Lindsey LeAnn M, Pershing Nicole L, Habib Anisa, Dufault-Thompson Keith, Stephens W Zac, Blaschke Anne J, Jiang Xiaofang, Sundar Hari
Kahlert School of Computing, University of Utah, SLC, UT, USA.
National Library of Medicine, National Institutes of Health, Bethesda, MD, USA.
bioRxiv. 2025 Jul 26:2024.09.09.612081. doi: 10.1101/2024.09.09.612081.

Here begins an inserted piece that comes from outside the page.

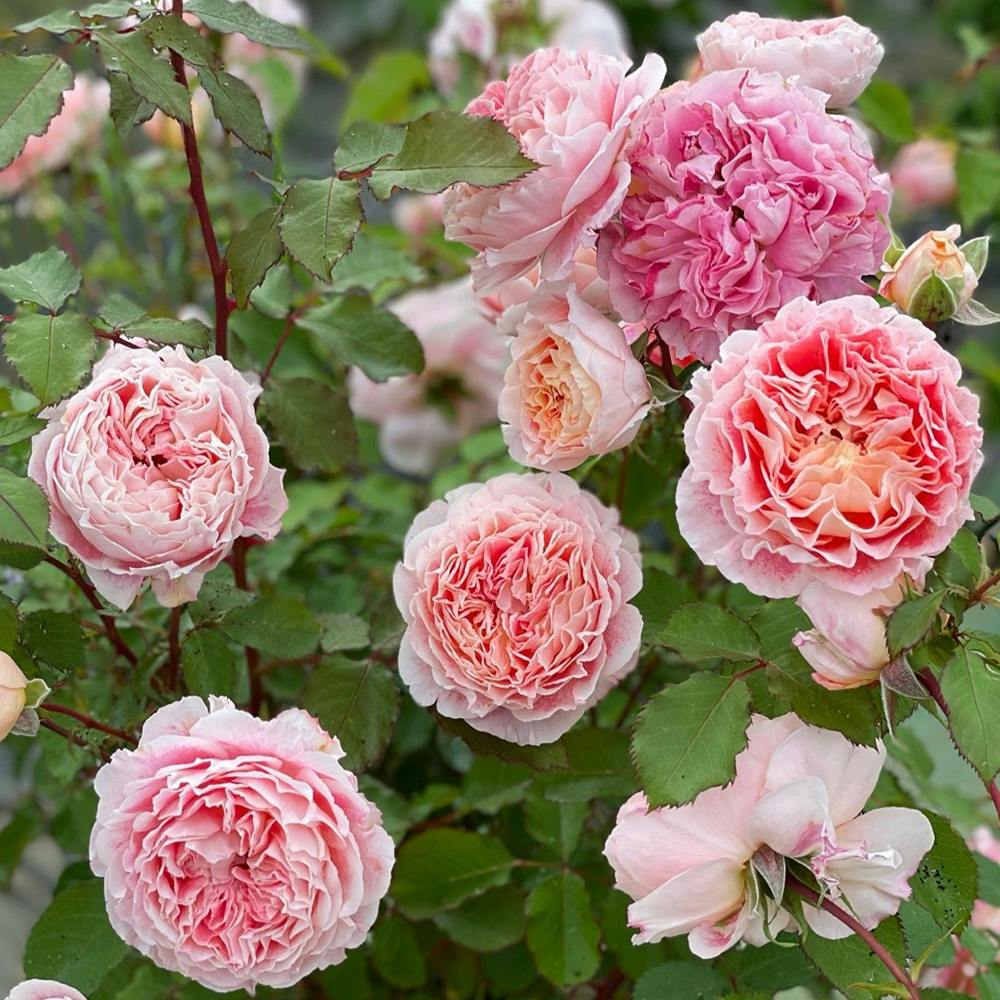 2025年バラ苗予約販売】ジェフ・アーティスト | 花＆グリーン 通販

Genomic language models have recently emerged as a new method to decode, interpret, and generate genetic sequences. Existing genomic language models have utilized various tokenization methods, including character tokenization, overlapping and non-overlapping k-mer tokenization, and byte-pair encoding, a method widely used in natural language models. Genomic sequences differ from natural language because of their low character variability, complex and overlapping features, and inconsistent directionality. These features make sub-word tokenization in genomic language models significantly different from both traditional language models and protein language models. This study explores the impact of tokenization in genomic language models by evaluating their downstream performance on forty-four classification fine-tuning tasks. We also perform a direct comparison of byte pair encoding and character tokenization in Mamba, a state-space model. Our results indicate that character tokenization outperforms sub-word tokenization methods on tasks that rely on nucleotide level resolution, such as splice site prediction and promoter detection. While byte-pair tokenization had stronger performance on the SARS-CoV-2 variant classification task, we observed limited statistically significant differences between tokenization methods on the remaining downstream tasks.
基因组语言模型最近作为一种解码、解释和生成基因序列的新方法出现。现有的基因组语言模型采用了各种分词方法,包括字符分词、重叠和非重叠的k-mer分词,以及字节对编码,这是一种在自然语言模型中广泛使用的方法。基因组序列与自然语言不同,因为它们的字符变异性低、特征复杂且重叠,以及方向性不一致。这些特征使得基因组语言模型中的子词分词与传统语言模型和蛋白质语言模型都有显著差异。本研究通过评估基因组语言模型在44个分类微调任务上的下游性能,探讨了分词在基因组语言模型中的影响。我们还在状态空间模型Mamba中对字节对编码和字符分词进行了直接比较。我们的结果表明,在依赖核苷酸水平分辨率的任务上,如剪接位点预测和启动子检测,字符分词优于子词分词方法。虽然字节对分词在SARS-CoV-2变体分类任务上表现更强,但我们观察到在其余下游任务上,分词方法之间的统计显著差异有限。